Y eran hombres comunes: hombres medios.
Y su ingenuidad no era otra cosa que ideales en acción.
Esa mal llamada ingenuidad que motorizó todas las grandes cosas de que fuimos, fueron y somos capaces.
No es ingenuo el que trabaja para ganar su pan; ni el que estudia con sacrificio; ni el que respeta al prójimo; ni el que piensa que hay causas que ameritan sacrificio; ni el que respeta la ciencia y el saber por sobre el dinero y el poder; ni el que milita en un partido político, a sabiendas de que la estructura de dicho partido le impedirá crecer demasiado; ni el que hace filantropía, sin hacer publicidad; ni el que se emociona hasta las lágrimas frente a la pureza de la infancia ; ni el que todavía se indigna cuando se falta el respeto a un anciano; ni el que evita ensuciar la calle; ni el que evita estacionar mal; ni el que dice por favor, gracias, de nada; ni el que sonríe…
No son ingenuos.
Son valientes con los que uno se animaría a construir un futuro venturoso.
El argentino medio no es ese estereotipo de vivillo ventajero, estafador y desconsiderado.

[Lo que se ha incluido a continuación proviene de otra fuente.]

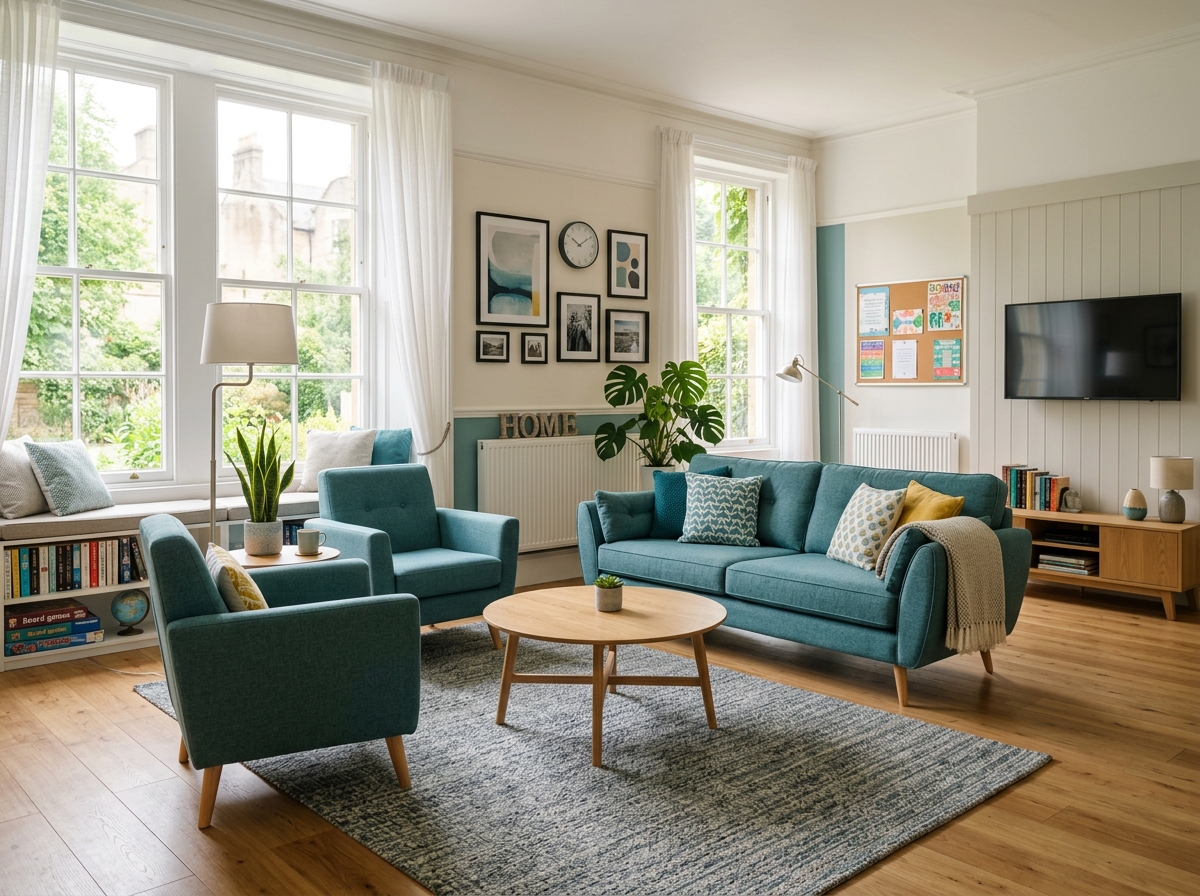 Bright, welcoming supported living space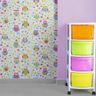 Multicolour Wallpaper Design For Kids' Room - Livspace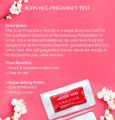 Acon® Urine Pregnancy test kit 1 Box (Pack of 40 Test Kit). 
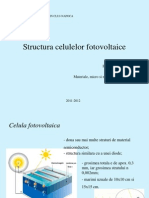 Structura Celulelor Fotovoltaice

Es, a todas luces, aquel amigo que me entiende, me acompaña en mis sueños, me alienta cuando se asoma mi cansancio y me permite seguir creyendo.
Con él, me animo a buscar un destino de igualdad, de libertad, de fraternidad.
Con él, honro a la ciencia, a la justicia y al trabajo.
Con él se puede.
Vayan mis respetos para su valiente ingenuidad.